A Brave and Somber Exploration of a Musician’s Troubled Life

(image: http://www.slate.com)
“A life lived for art is a life never wasted.” – Macklemore.
He should know. Art has always been born from blinding struggle and life experience. Every good novel stemmed from a bitter breakup. Every quality comedian dealt with pain through humor. Music is no different. A melodic transcription of the performer’s personal strife, passion, pain and joy. The life of a small time artist can be at times exhilarating and crushing. For good work to blossom, sometimes it has to be.
Enter Joel and Ethan Coen (No Country For Old Men, Fargo) to put low level troubadours at the center of their latest project, Inside Llewyn Davis. A challenging and heartbreaking black dramadey, Davis doesn’t rank at the top of the duo’s canon but remains a stern reminder of their impressive filmmaking chops.
Oscar Issac plays the title character, a rambling folk artist making this way through the sixties Bleeker & MacDougal folk scene. He crashes on couches, plays the occasional gig at Greenwich Village’s Gaslight Café and struggles to keep his crumbling personal life from hitting bottom. In the role of Llewyn, Issac’s biggest strength is his musical skills. By writing and performing the bulk of the extensive soundtrack, Issac adds authenticity to an emotionally stoic role. When not singing, Issac’s uncertain and borderline bumbling Llewyn reminded me of Larry from 2009’s A Serious Man in a good way. He’s far from a perfect person and his flaws make him relatable even when he’s being a jerk. He’s a talented everyman whose zeal for making it in the biz clouds his judgment on everyday affairs.
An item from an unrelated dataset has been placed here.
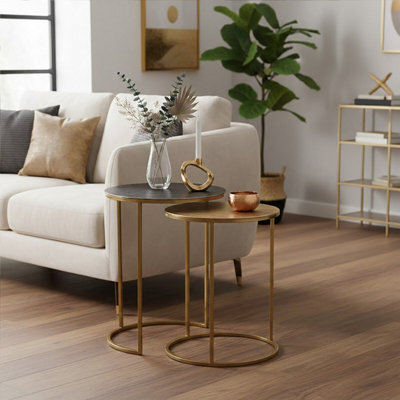 Orsina Nest Of Two Gold TablesSpace-Saving Modern Nesting TablesZinc Table Tops With Gold Base from B&Q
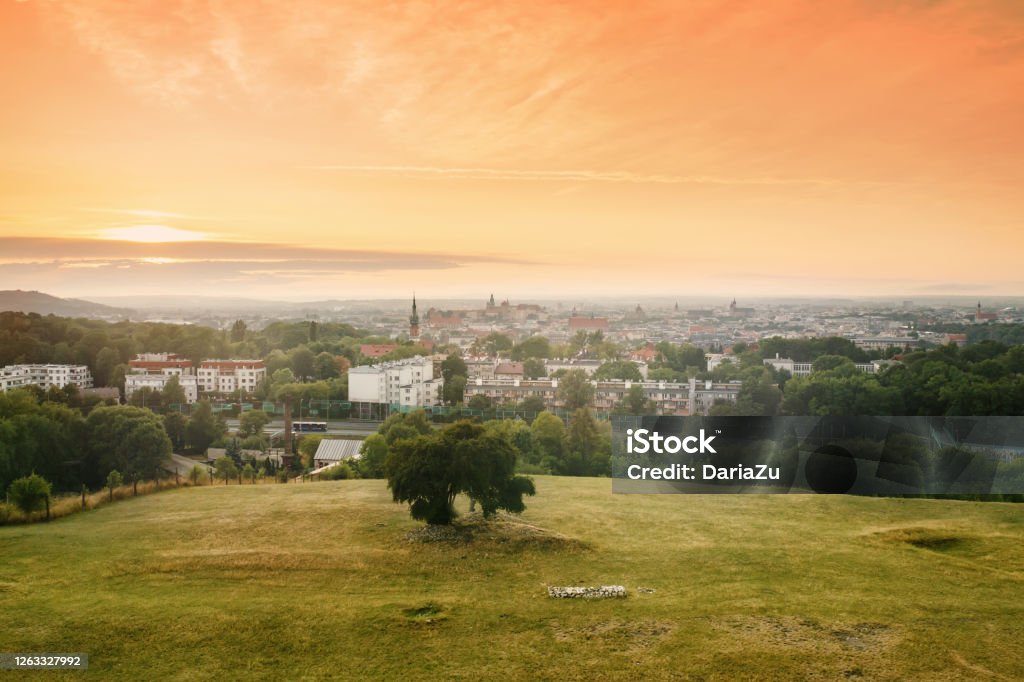 View on Krakow city landscape at the sunset from the Krakus (Krak) Mound in Poland View on Krakow city landscape at the sunset from the Krakus (Krak) Mound in Poland. Tumulus, mythical resting place of Krakow's mythical founder, the legendary King Krakus. Krakow Stock Photo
Easily one of the most interesting characters written this year.
Surrounding the melancholy guitarist are friends Jean (Carey Mulligan), Jim (Justin Timberlake) and the wonderfully cantankerous Roland Turner, played by a Walter Sobchak channeling John Goodman. Goodman’s random inclusion during a long drive to Chicago is a shot of comic energy exactly when the audience is starting to fidget. Mulligan is the only chink in the supporting cast armor as she again makes no attempt to connect with the other actors. I know I’m a broken record, but she has two speeds: overdone anger or dull indifference. And if I had to give an honorary Best Supporting Actor award, it would be to the cat Llewyn carts around. A near “purrrfect” performance. (groan).
Fortunately, the Coen’s are at the helm and they’re nowhere near as hacky as my puns. Proving once again they are elite filmmakers, the duo expertly blends their benchmark humor with gut wrenching drama. While the tone is one noted and there’s a serious lack of character arc, the depiction of the 1960’s folk scene is spot on. The world created by the Coen’s is a captivating vortex of rejections, bar gigs and personal pressure in which Llewyn fails to deal with. The result is the singer’s slow and painful personal decent, a spiritual drain anybody who’s ever climbed a career hill can identify with.
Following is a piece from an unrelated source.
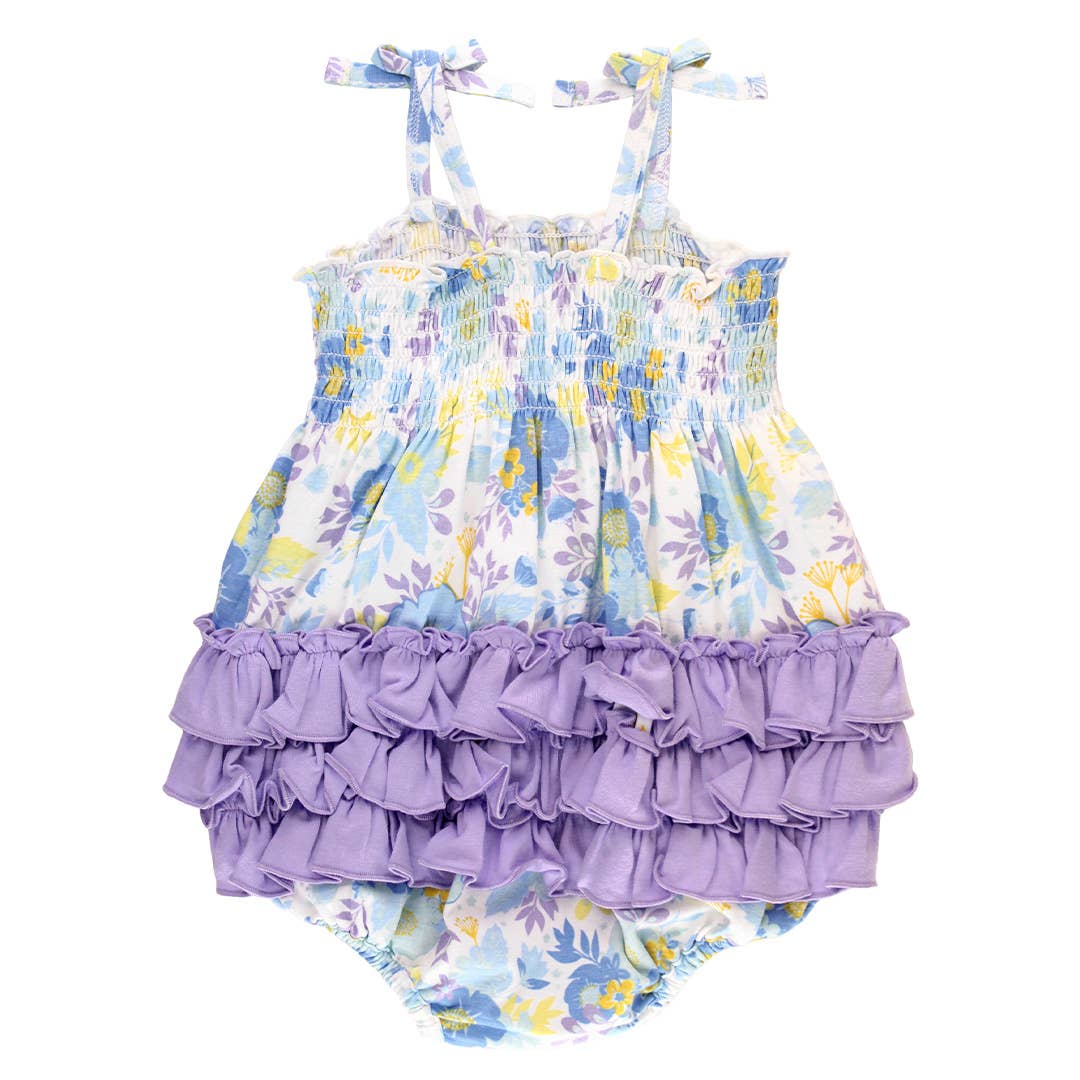 Baby romper with floral top and ruffled bottom on a white background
When the credits rolled, my initial reaction was one of cautious appreciation. Nothing comes easy for audiences. There’s no hero arc. No shoved in love story, no cliché moment of redemption, no cinematic attempt to maintain interest. It’s a film only the Coen’s would be brave enough to make with studio money and as the trials and tribulations of Llewyn stewed in my mind, my reservations evaporated. Inside Llewyn Davis is a brutally wonderful view into the world of a struggling artist with all the humor, pathos and filmmaking mastery that’s made the Coen Brothers the kings of American cinema.